Imre Keresztes, the head of the Central Prosecutor’s Office of Investigations, told MTI the investigation was launched against a former MEP at the recommendation of the EU’s anti-fraud body, OLAF.


Szegedi was a member of Jobbik, a previously radical nationalist party accused of anti-Semitism, since its establishment. He was Jobbik’s vice-president after 2006 and MEP between 2009 and 2012. It was made public in 2012 that one of his grandmothers is of Jewish origins, a Holocaust survivor. Szegedi soon exited Jobbik, burned copies of his autobiography containing his (former) far-right views, converted to Judaism and since practices his new religion.

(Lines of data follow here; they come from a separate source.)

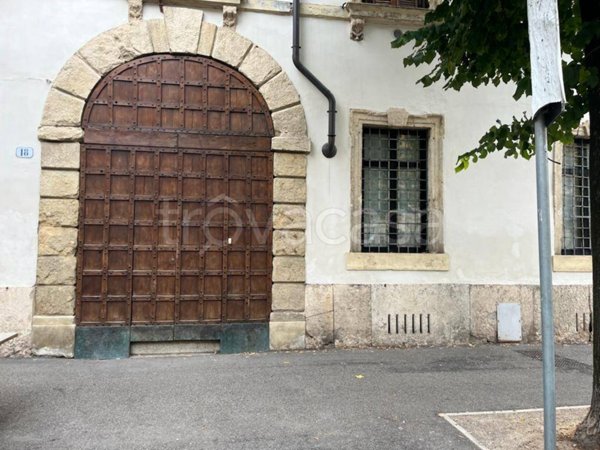 ufficio in affitto a Verona in zona Cittadella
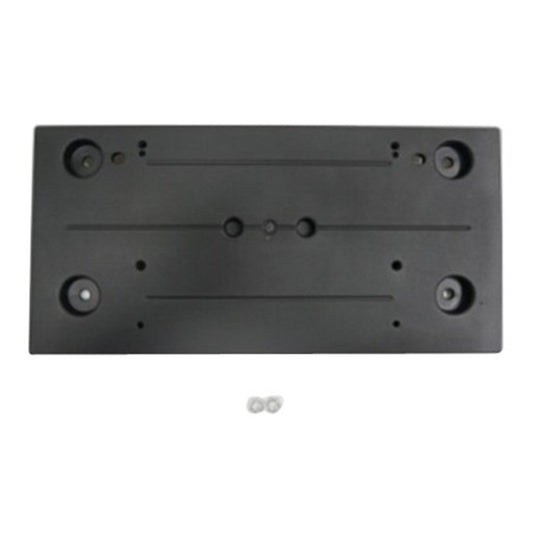 Front License Plate Bracket 2014-2017 Bmw I3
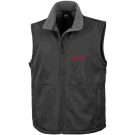 Core Softshell Bodywarmer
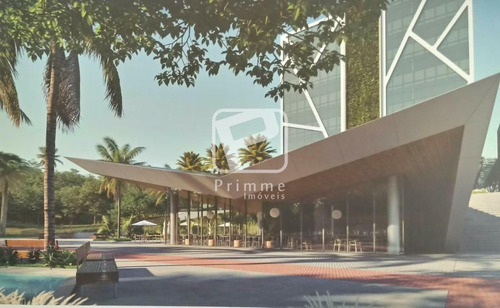 Imagem 7 de 15 de Terreno Comercial Em Loteamento Colinas De Camboriu Village - 4462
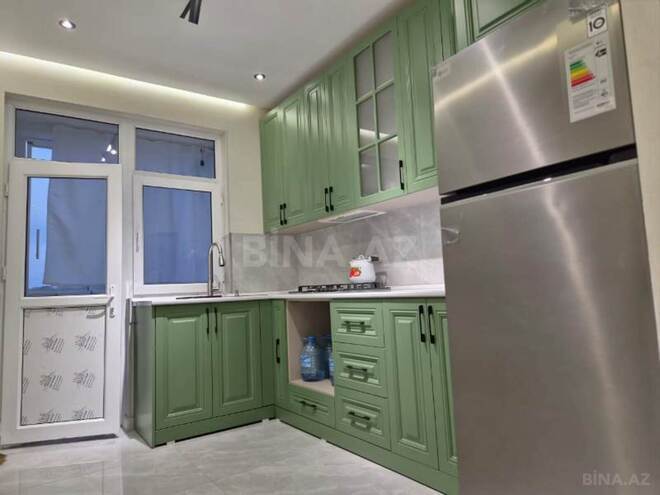 Сдаётся 3-комн. новостройка 90 м², Бинагадинский р., photo 7 from 16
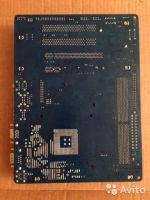 Лот: 18371984. Фото: 4. Материнская плата Asrock G31M-S... Красноярск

There was a debate in Hungary whether Szegedi had to leave (then) far-right Jobbik due to his Jewish ancestors, or because he did not tell his party about it, or due to a suspected corruption case. According to Jobbik’s 2012 statement,  the news of his mother’s Jewish ancestry “did not pose any threat to his positions in the party,” as, according to then-president Gábor Vona, “Jobbik does not investigate the heritage of its members or leadership, but instead takes into consideration what they have done for the nation.” Jobbik said the issue was suspected bribery. When the scandal broke out, Jobbik wanted him to renounce his EP mandate. Szegedi, however, refused to do so and then sat in the EP as an independent until 2014. A 2016 biographical documentary movie, Keep quiet, deals with his life, inner journey, and transition.

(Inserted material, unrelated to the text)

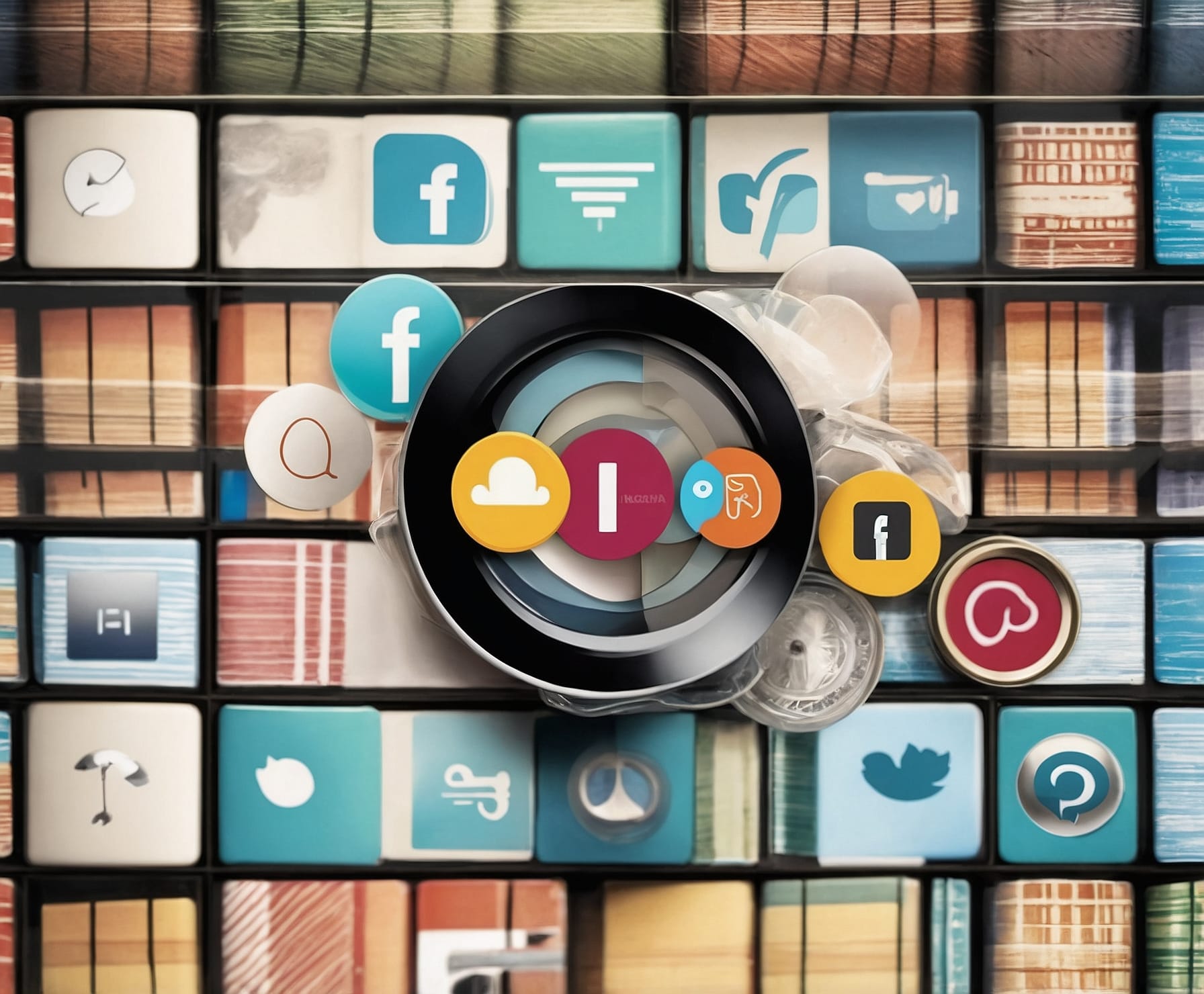Estrategia de social media para empresas en crecimiento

According to the charges of the Prosecutor’s Office, Szegedi defrauded the EP’s budget by drawing up fraudulent employment contracts and falsely claiming or overpricing travel expenses, as well as the expenses of hosting visitors and other services.

Some of Szegedi’s assistants acted as accomplices, the charges included.

Szegedi denies the charges, while a former assistant has partially admitted the crime, Keresztes said.

Fraud on such a scale is punishable by up to 10 years in prison under Hungarian law, according to the statement.